So I have tried several 3rd party tools, as you expect, none of them works. The primary problem is the synchronization, i.e., if my wife adds or deletes a photo on the Dropbox, I expect that the Dropbox folder on FreeBSD will get updated as well. Another problem is the speed. Looks like the Dropbox API is not as fast comparing to its own native application. On the same network, it took few hours to download the content (around 1GB of jpeg files) from Dropbox on FreeBSD, versus 10 minutes on a Mac/Windows/Linux machine using the native application.

So I came up few alternative solutions:

  1. Hosting my website on CentOS Linux. Since Dropbox supports Linux, I can easily read the Dropbox without any problem.
  2. Push the Dropbox content from Mac/Linux to FreeBSD using Rsync periodically (e.g., every 5 mins, hourly etc). That way FreeBSD will have access the Dropbox files.
  3. Set up a NFS service on a Linux box with access to Dropbox, and let the FreeBSD to mount the corresponding NFS share. This solution is okay if both machines are on the same network. It may raise some security concerns if both machines are connected via the public.

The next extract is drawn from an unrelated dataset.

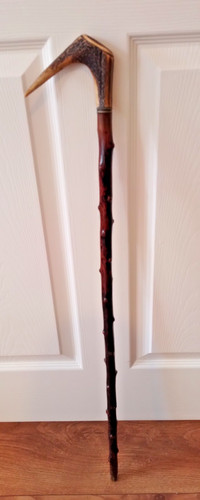 Stunning irish blackthorn deer - stunning,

Another solution I think it may work is to install the Dropbox native application on FreeBSD. FreeBSD supports running Linux application via Linux emulation. Back in the old days (FreeBSD 8), it was pretty easy to include the Linux support on FreeBSD (one click in the sysinstall). Since the recent releases, they’ve made it harder because not many people wants to run Linux binary on FreeBSD. Based on my previous experience, I think it should work on the latest FreeBSD, but it may require some works.

Another crazy idea will be running Dropbox with Wine on FreeBSD. But this goes way too far from my original purpose, and I am not a big fan of Wine because it adds too many libraries to the system.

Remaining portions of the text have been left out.